There’s a few cautionary lessons to be learned from the Goldman Sachs antitrust fine that came out this month. First, the bank was hit with the €37 million penalty because EU antitrust regulators felt it had enough control over Prysmian to stop the undersea cable company from allegedly colluding to fix prices. Second, even if Goldman had no direct involvement in or even awareness of the cartel, it could still be held liable. And third, EU antitrust regulators are flexing their muscle in order to let parent companies know they have a responsibility for the anticompetitive conduct of their subsidiaries.
For private fund advisors, this is a warning shot. And while each antitrust case will rest on specific facts and circumstances, the type of control Goldman held over Prsmian was not all that different from that which fund advisors typically have at portfolio companies (the firm held majority voting power, nominated individuals to its board of directors and participated in the company’s strategic decisions).
So with antitrust regulators baring their teeth, how does a private fund manager avoid Goldman’s unfortunate fate with Prysmian?
Goldman’s own competition lawyers tell us the best thing to do is simply factor in more antitrust considerations into the due diligence process – for instance, reviewing key business contracts for antitrust compliance, digging in to the group’s relationship with competitors and requesting disclosure of past or ongoing dealings with competition authorities. GPs could also consider asking for warranties and indemnities that allow the buyer to recover losses caused by the target’s breach of competition law.
There’s also a need to dive deeper into the activity of current portfolio companies, legal experts warn. Here GPs need to consider whether the right policies and procedures are in place at the portfolio company to prevent and detect competition law infringements. For instance, the company could set up a system for employees to report contacts with competitors, so that these can be more easily monitored. Other compliance measures might include pre-approving membership of any industry or sector associations; providing staff with job-specific compliance training; and drafting employment contracts to include competition compliance provisions.
In the event that the team does discover a breach of competition law, legal sources advocate owning up early. Approaching competition authorities and offering testimony in exchange for leniency could mean immunity or reduced fines.

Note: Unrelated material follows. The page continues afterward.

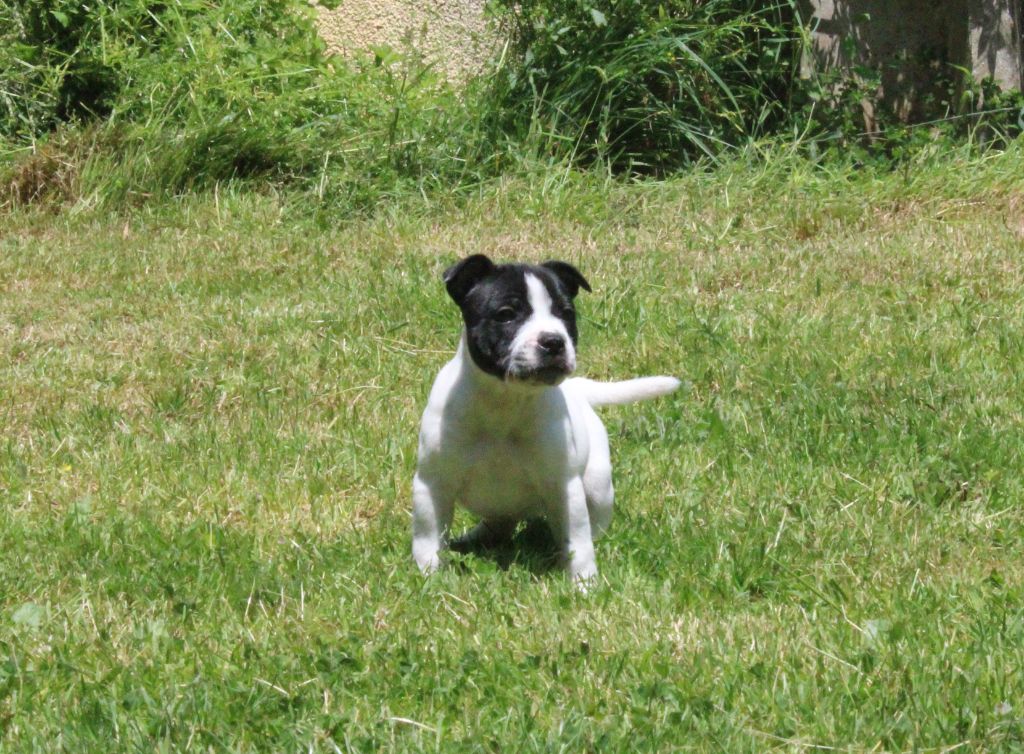 Des Terres De La Gorre - Chiot disponible  - Staffordshire Bull Terrier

And even if a GP isn’t the first to “blow the whistle”, reaching out to regulators with more information often results in a reduced fine.
Considering that EU antitrust fines can reach up to 10 percent of a group’s total turnover (which in the case of private funds, could mean the entire portfolio’s turnover) honesty may not only be the best policy, but also the cheapest.
But before it even gets to the point, and in light of Goldman’s experiences, fund advisors will likely be taking more evasive action to keep clear of the trustbusters’ crosshairs.